Minneapolis Mayor Jacob Frey urged the City Council on Monday to get over its indecision and pick a site for the future Third Precinct police station, three years after it was torched.
"The City needs a precinct, and the community needs you to make a decision," Frey wrote in a letter to the 13-member council. The council could take up the issue as soon as Tuesday.
"Time is of the essence," he wrote, adding later: "If you as a body cannot come to a timely decision, then please grant me the authority to make it myself. … It is unfair to pass the cost of inaction onto Minneapolis residents."
The station was set ablaze days after George Floyd was murdered by an officer stationed there and remains a boarded-up, charred reminder of the unrest of 2020. Meanwhile, officers who serve south Minneapolis continue to operate out of makeshift quarters downtown — a situation roundly seen as unacceptable.
Earlier this month, the City Council went from seeming to greenlight the latest Third Precinct plan to balking at it, sending it back into a deliberative purgatory for perhaps two weeks — or much longer.
Council members said they were tapping the brakes because they had unanswered questions about the plan, which would co-locate the Third Precinct with a future site of the First Precinct in Century Plaza on the outskirts of downtown. The exact cost of the move has seemed elusive because aspects of it are commingled with an existing plan to move the First Precinct. At one point, city officials pegged the cost to develop portions of the building for the Third Precinct at $25 million, but that included some space dedicated only for future use by both precincts.
Also unclear: How long will the officers be there? Several council members were taken aback when Interim City Operations Officer Heather Johnston told them "10 years." Some had considered the site temporary, while Frey had previously called it "medium-term."
Unlike much of the tense discourse over policing, Frey's stern words Monday weren't reserved for his foes on the council, but the entire body, including his political allies. The council's decision was supported by all members present.
The challenge of where to house the Third Precinct officers has vexed officials for years.
An array of sentiments have swirled around the issue, from highly visible groups harshly critical of police in general, to quieter voices calling for police to return to the area they serve.
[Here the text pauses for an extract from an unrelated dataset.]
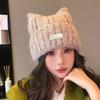 Japanese Sweet and Cute Cat Ear Wool Hat for Women In Autumn and Winter Warm Ear Protection Plush Knit Hat Letter Cold Hat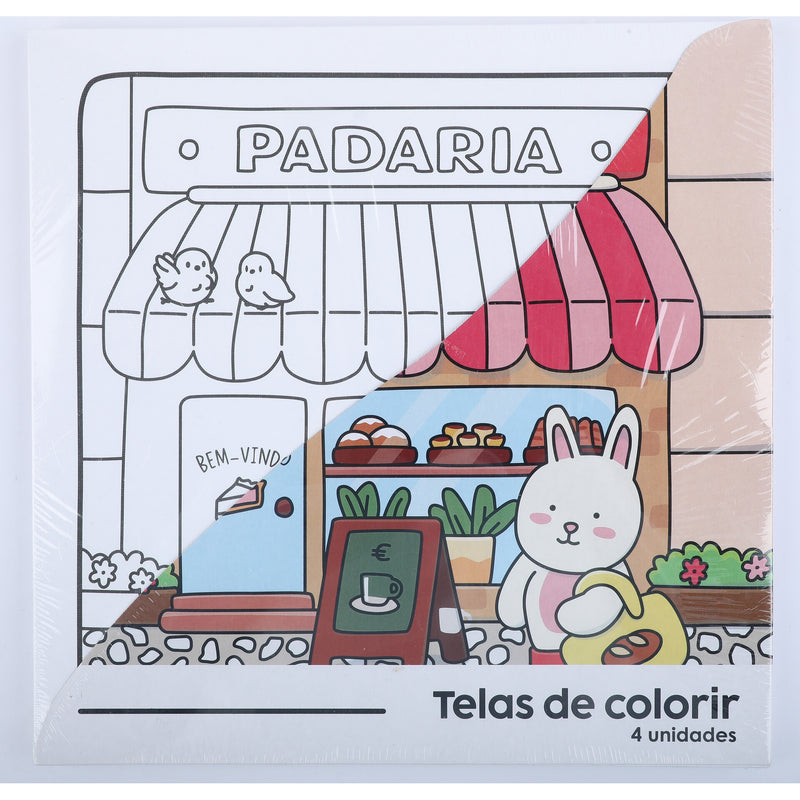 Conjunto 4 Telas 30*30Cm Para Colorir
Trauma from years of strained relations between police and some in the community, Floyd's murder and the unrest that followed was felt by many, without consensus on a solution.
In September 2021, a plan to temporarily lease a building on Minnehaha Avenue fell apart after the building was vandalized and protests were announced.
Last year, a process led by Frey's administration narrowed the possible permanent sites to two: rehabbing the charred building or erecting a new station on a nearby vacant city-owned lot.
Those options were cast aside after blowback over the process. The City Council eventually voted to ban police from ever returning to the previous precinct station — whatever becomes of it. It's unclear if that council resolution carries any legal weight.
Earlier this summer, Frey and Council President Andrea Jenkins announced the Century Plaza idea, and that plan steamed ahead. Until the last council meeting.
In his Monday letter, Frey suggested he's amenable to any of the three options, even offering this roadmap:
"As with all difficult decisions, there are trade-offs with each. If your decision is based on cost, then going back to the former Third Precinct building would be the most financially responsible decision. If you want a short-term solution while we collectively determine what a comprehensive approach to safety looks like in a physical space, then the First and Third co-location option may be best. If you are looking for a new, permanent physical space in a different location, 2600 Minnehaha would be your choice."
On Tuesday when the council meets as a committee, the Century Plaza plan will be on the agenda. It wasn't clear Monday whether the issue would be discussed in any meaningful way.